Easy web publishing
with github

Data 304

Outline

  1. Create a github repository. (posible name: data304)

    • Either make your repo public or add me (rpruim) as a collaborator.
  1. Create a docs/ folder in the repository.
  1. Create an index.html file in the docs/folder.

    <h2>My Web Page!</h2>
    • This is temporary, so it doesn’t matter what you put in it.
  1. Modify github settings to serve docs/ folder as a website.

GitHub settings

Settings of pages in github

GitHub settings

After a brief delay, your site will be live.

Settings of pages in github

Accessing the website

  • file: docs/path/file.ext

  • URL: <username>.github.io/<repo name>/path/file.ext

  • You can use subfolders to keep your files organized.

  • A file named index.html will be served when the folder is accessed.

Slightly fancier: netlify

If you create an account with netlify, you can link it to a github repository and netlify will host your site.

  • You can configure netlify to serve any folder (not just docs/).

  • You can server multiple websites from the same repo.

  • This is how our course website is done.

Cloning your repository

Step 1. Copy the url for your repository from github.

  • Two options: HTTPS and SSH.

Cloning your repository

Step 2. Clone your repository locally.

  1. from commandline: git clone <repo-url>

  2. from RStudio: New Project > Version Control

Adding more files

  • You can do all of your work in RStudio (or VS Code) now.

  • Put files for your website in docs/ (or sub-folders of docs). (You can put other files outside the folder if you don’t want them to appear online.)

  • If generating from a quarto doc, either use

    embed-resources: true

    in your YAML header or make sure all the neccesary resources are also in the repositiory.

  • When you are ready to “publish”, just commit and push the files to GitHub.

    You can do this within RStudio or from the commandline.

Working with Quarto

Instaed of writing HTML, it is easier to create quarto files and render them to HTML – especially when you start adding in R/Python code, graphics, etc.

Here is a simple example for index.qmd to replace index.html:

---
format: html
---
## My Web Page! 

Render this as index.html and add the HTML file to the repository to have it included in your website.

Structuring your website

  1. You can create folders within docs/ (e.g., docs/hw/, docs/portfolio/, docs/data/, etc.) to keep your files organized.

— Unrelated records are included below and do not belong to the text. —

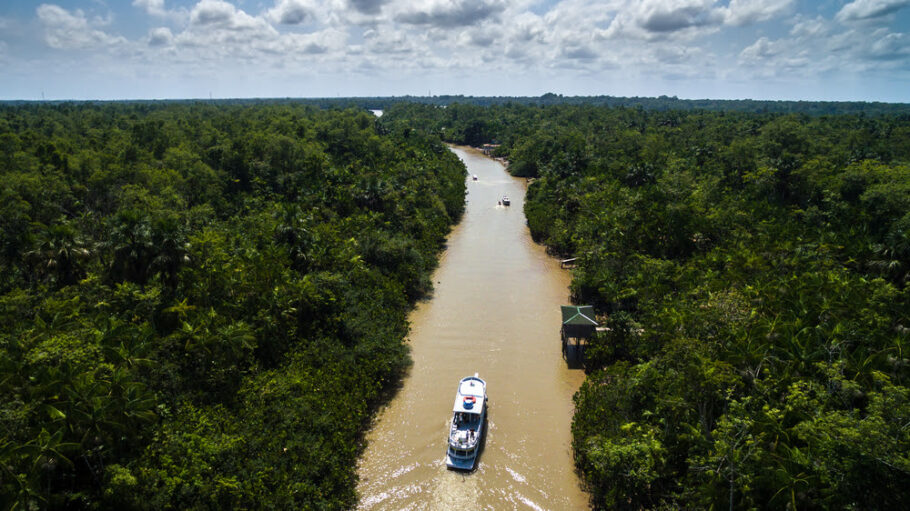 Viagem de Manaus a Belém pelas águas do rio Amazonas dura cinco dias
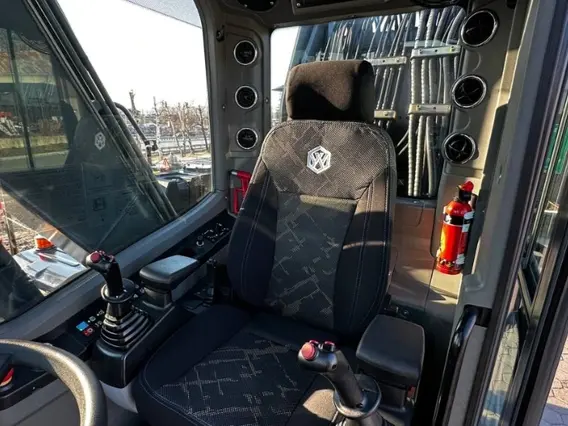Экскаватор XINYUAN C140W LIFT-CABIN 2025 года новый фото 38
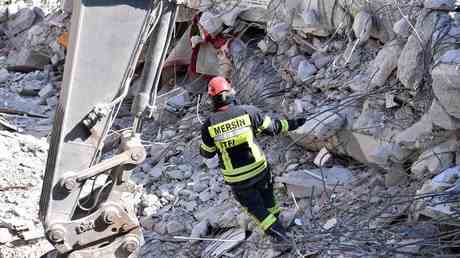 Ueberlebende 12 Tage nach Erdbeben in Tuerkiye gerettet — World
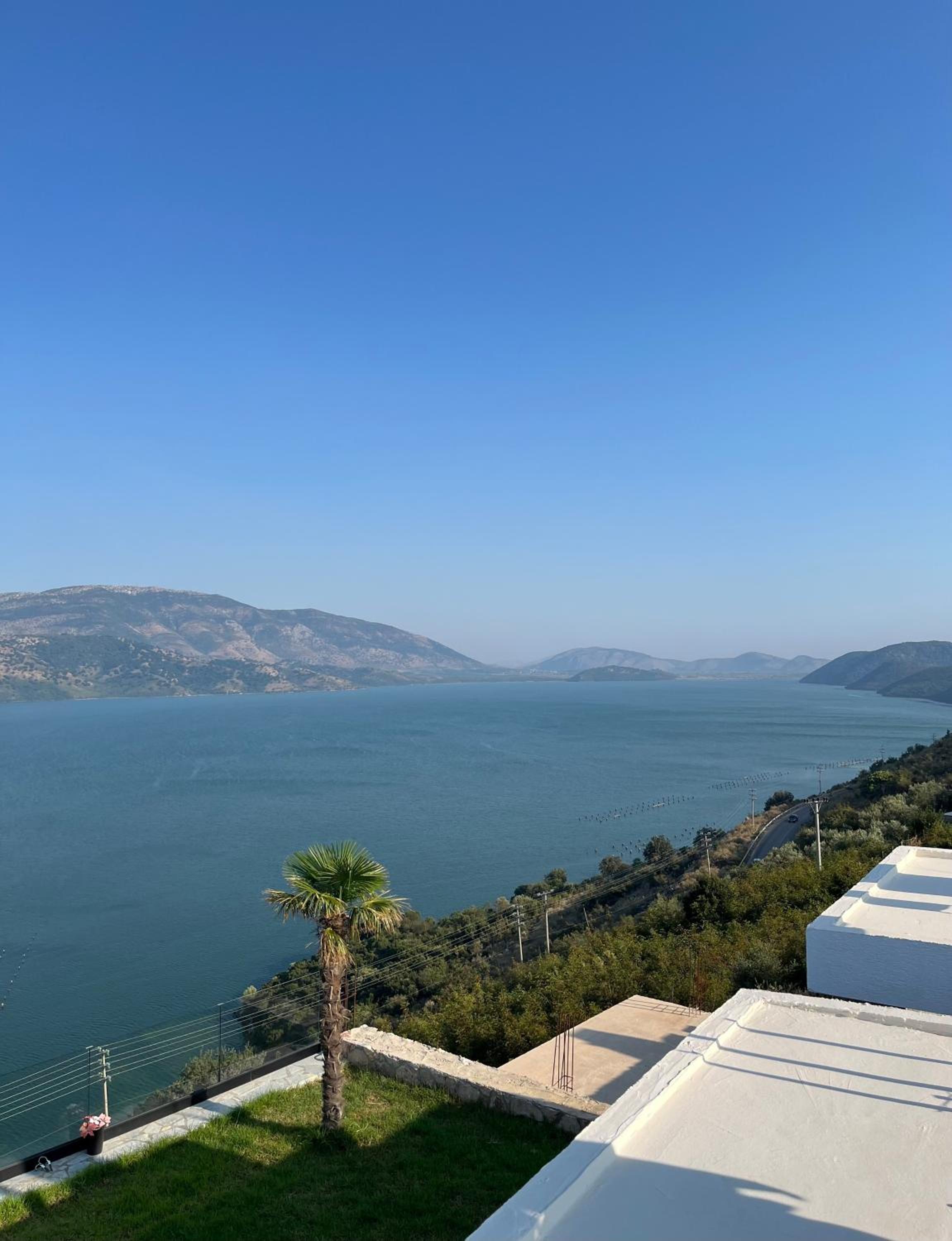 ILLYRIAN Paradise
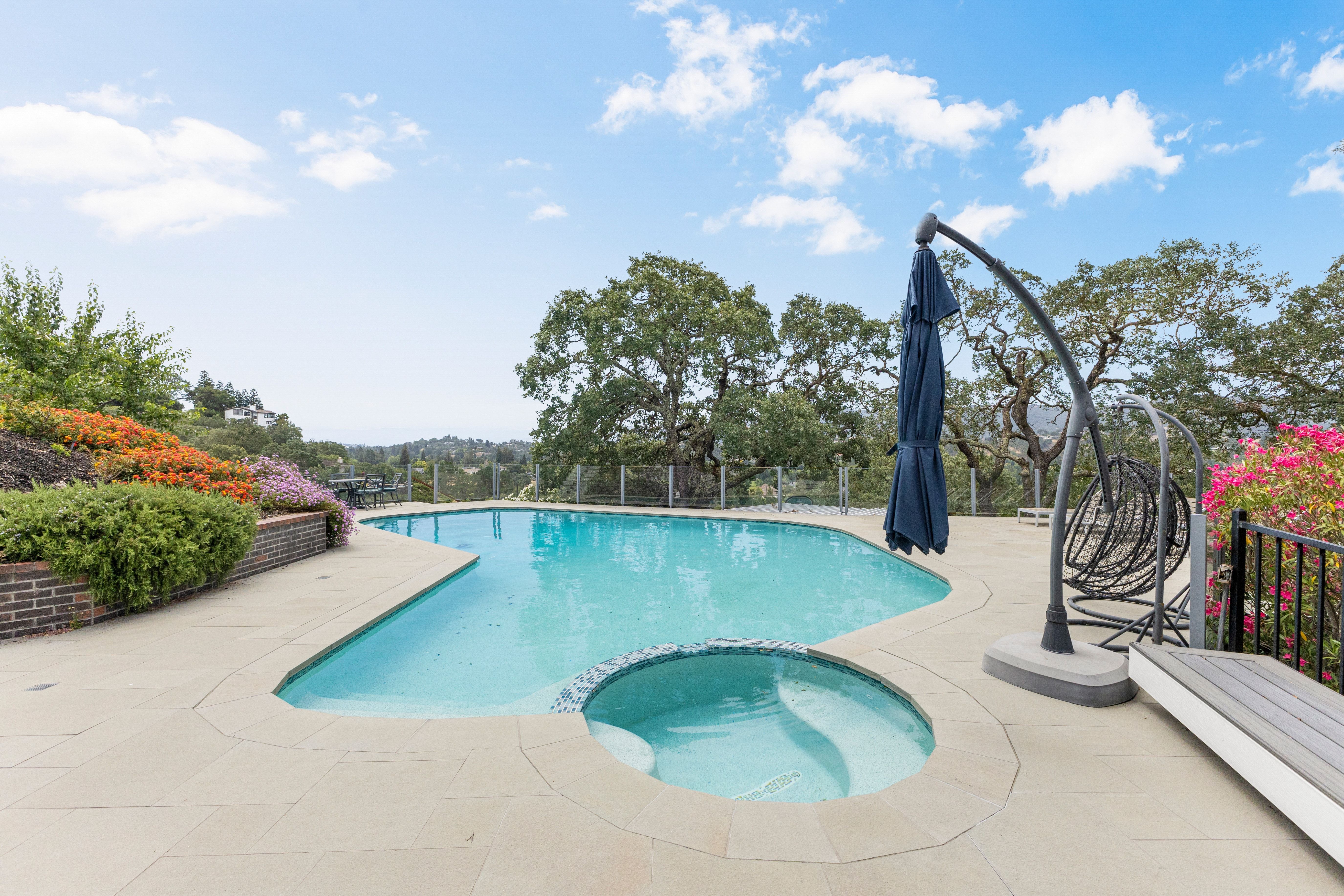  Sweeping Fairway Views Meet Rare Outdoor Living - 物件實景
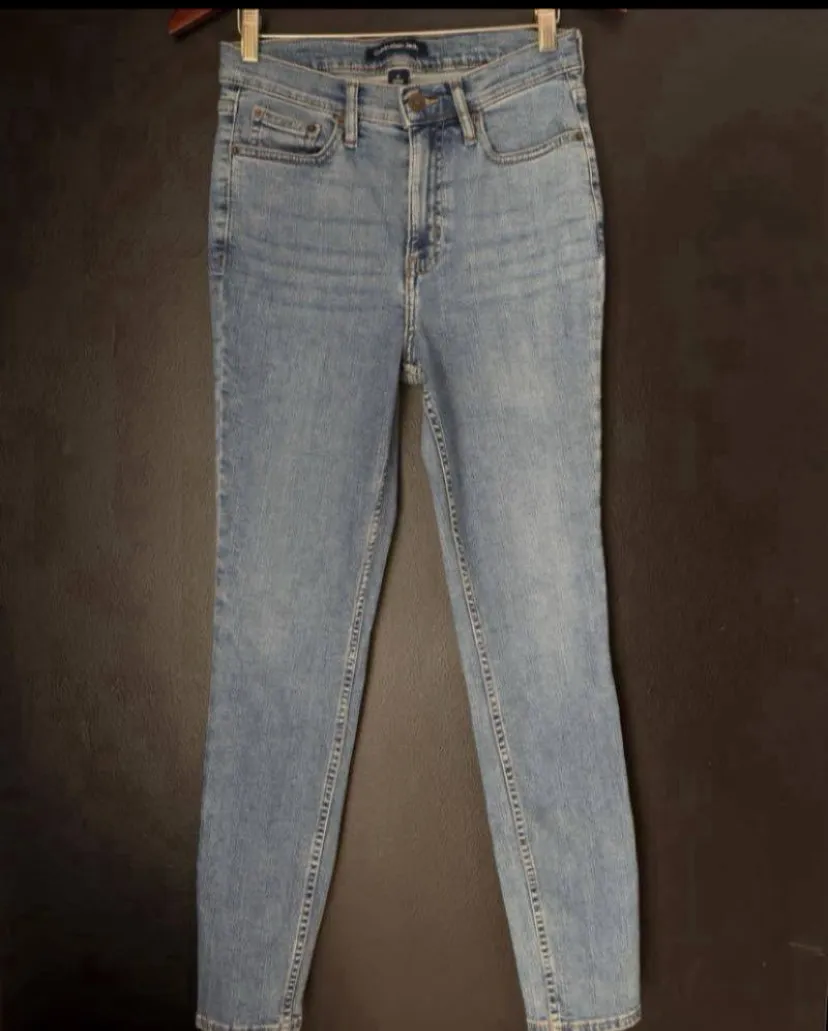 Jean Calvin Klein - Vista 2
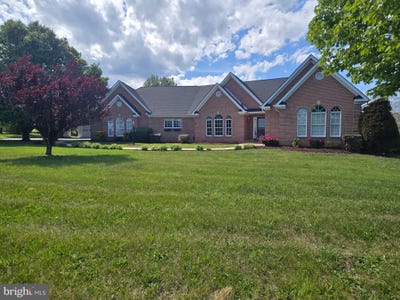 /international/us/300-tavistock-drive-winchester-va-110108682803/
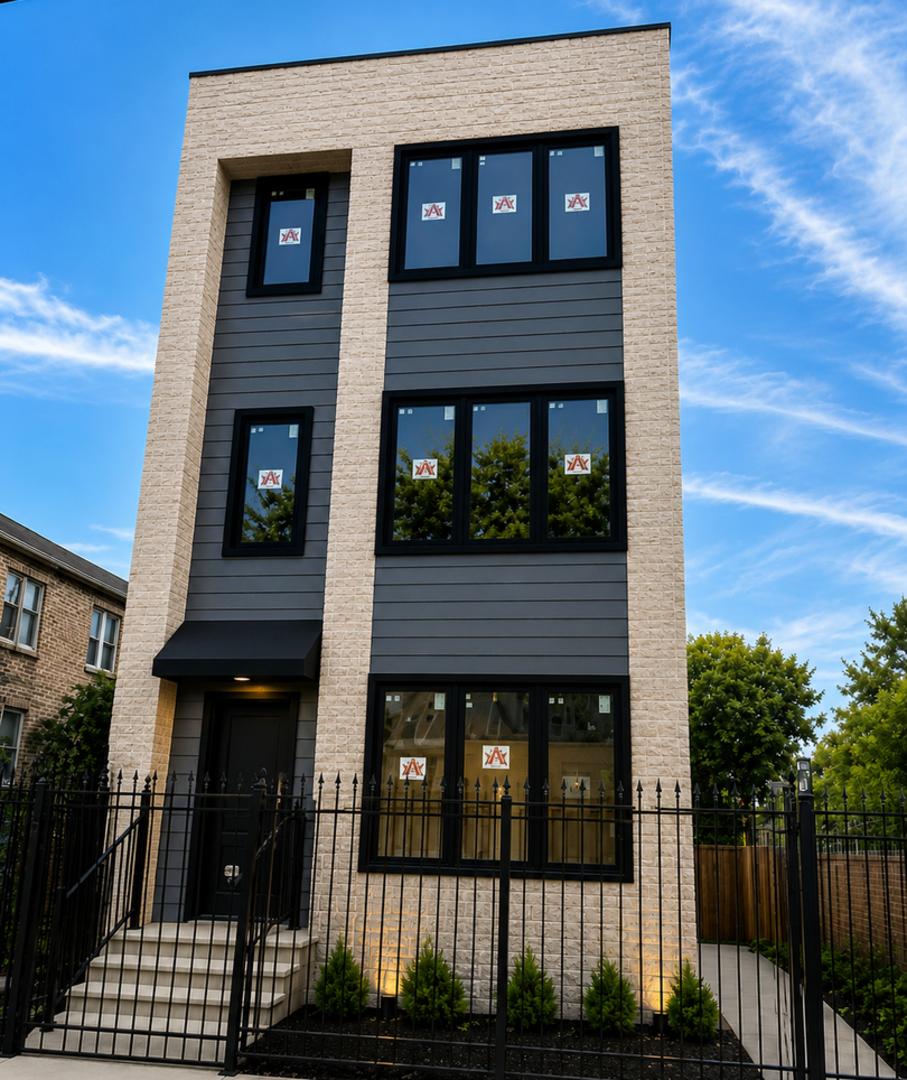 3327 W Division St., Chicago, IL 60651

  2. In each folder, you can maintain an index.html (created from index.qmd) with links to things in that folder (or elsewhere).

Getting fancy with Quarto

Document Features

If you are wondering how to include some feature in a quarto document, there is lots of documentation on quarto features.

Quarto Websites

Quarto has a website project type designed for creating websites. That’s how I do the class website. If you want to learn about that, see

It isn’t required, but it isn’t very hard either.